I am pretty confused, esp since I am fairly new to Free BSD.


----------



## jus71n742 (Feb 4, 2010)

I went ahead and installed with the above error showing.
and everything runs, installation went through without a hitch.
However the system will still panic 
or produce an Error Code 1.
I am using a hub to access the Internet since I need 2 machines in one spot instead of running 2 cables to them.  
However I can access the Internet no problem on the second machine.  FreeBSD is even downloading the packages and sucessfully
I have no idea what to look for or what to do

So for now I am going back to 7.2, except it also is giving me panics


----------



## DutchDaemon (Feb 4, 2010)

At this point one should probably consider running some hardware and memory tests.

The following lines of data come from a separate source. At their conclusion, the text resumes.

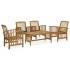 Juego de muebles de jardín 5 piezas madera maciza de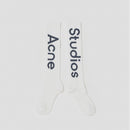 Acne Studios Long Rib Logo Socks White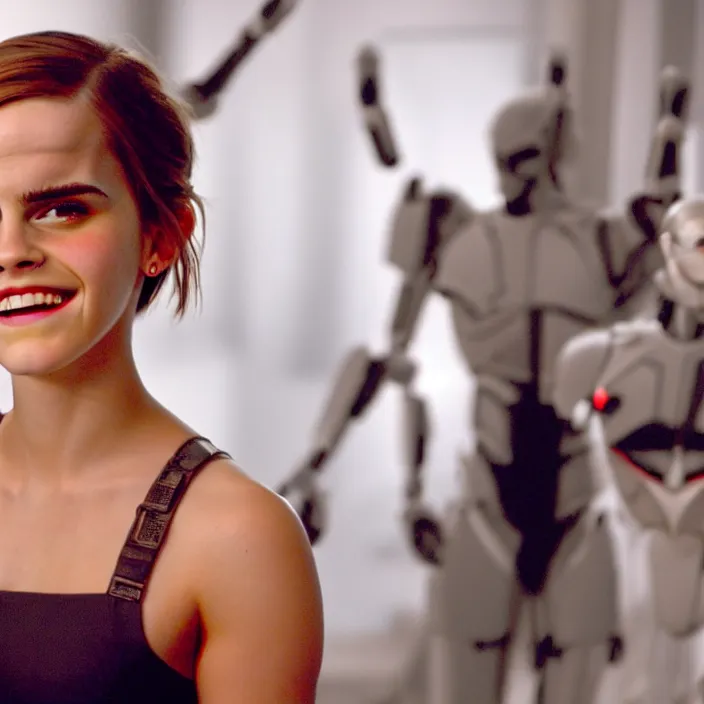 Image similar to Joyful! smiling Emma Watson wearing cyborg prosthetic, from The emperor's new groove (2000). Clear body. Light Clothes. Cinematic. Professional Photo. Low angle. 8k. Clear Face.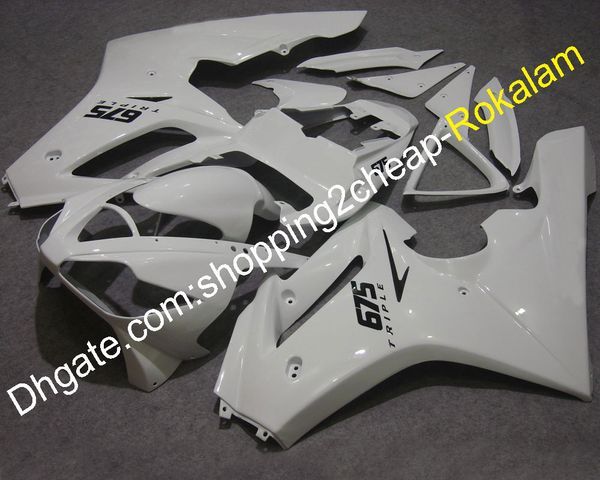 Motorrad-Kit für Triumph-Verkleidungen Daytona 675 2006 2007 2008 Cowlings Daytona675 06 07 08 Perlweißes Verkleidungsset (Spritzguss)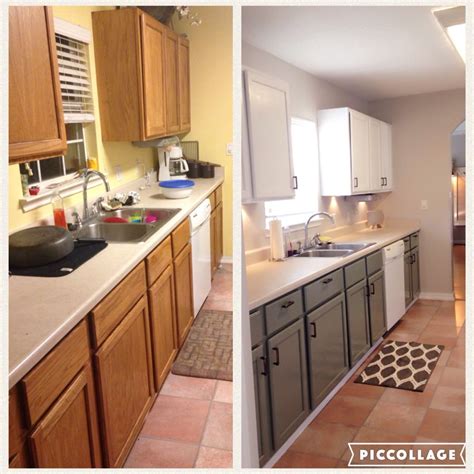13 emerald green kitchen base cabinets. Kitchen weekend makeover. White upper cabinets, bottom ...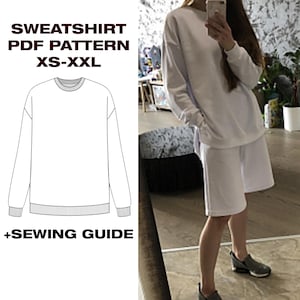 Sweatshirt Sewing Pattern | Pullover | Classic Sweatshirt | Oversized Hoodie | Drop Shoulder Sweatshirt | Plotter, USletter, A4 | XS-XXL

We've had threads about panics caused by stressing the system (i.e. compiling), overheating, etc.


----------



## jus71n742 (Feb 5, 2010)

I have one more attempt and then thats what I am going to result to
Thanks for all your help everyone


----------



## jus71n742 (Feb 5, 2010)

Well 7.2 through Network boot worked over 8.0 Passive FTP, CD/DVD, FTP, and HTTP installs.  oh well it just finished installing Bash and VIM and is installing PHP no problem from the ports


----------



## DutchDaemon (Feb 5, 2010)

> Well 7.2 through Network boot worked over 8.0



What does this mean?  You switched OS versions?


----------



## jus71n742 (Feb 5, 2010)

Yes, I went back to 7.2 which I still have on disc.  It worked through a network install, but not CD/DVD


----------



## outpaddling (Nov 11, 2020)

Note to posterity...
I just encountered the same issue on a FreeBSD 12.2 system following and upgrade from 12.1 using
`freebsd-update upgrade -r 12.2-RELEASE`
I noticed it was happening during stage-qa and removing DEVELOPER=yes from /etc/make.conf eliminated the problem.
I traced the problem to the stripped file check in /usr/ports/Mk/Scripts/qa.sh, but it was not obvious what was going wrong with the check, so I suspect a corrupt system file.
This happened on an old laptop with an old installation that had been through at least two freebsd-update upgrade rounds and has gone down hard more than a few times due to a bad battery + a few more due to my negligence.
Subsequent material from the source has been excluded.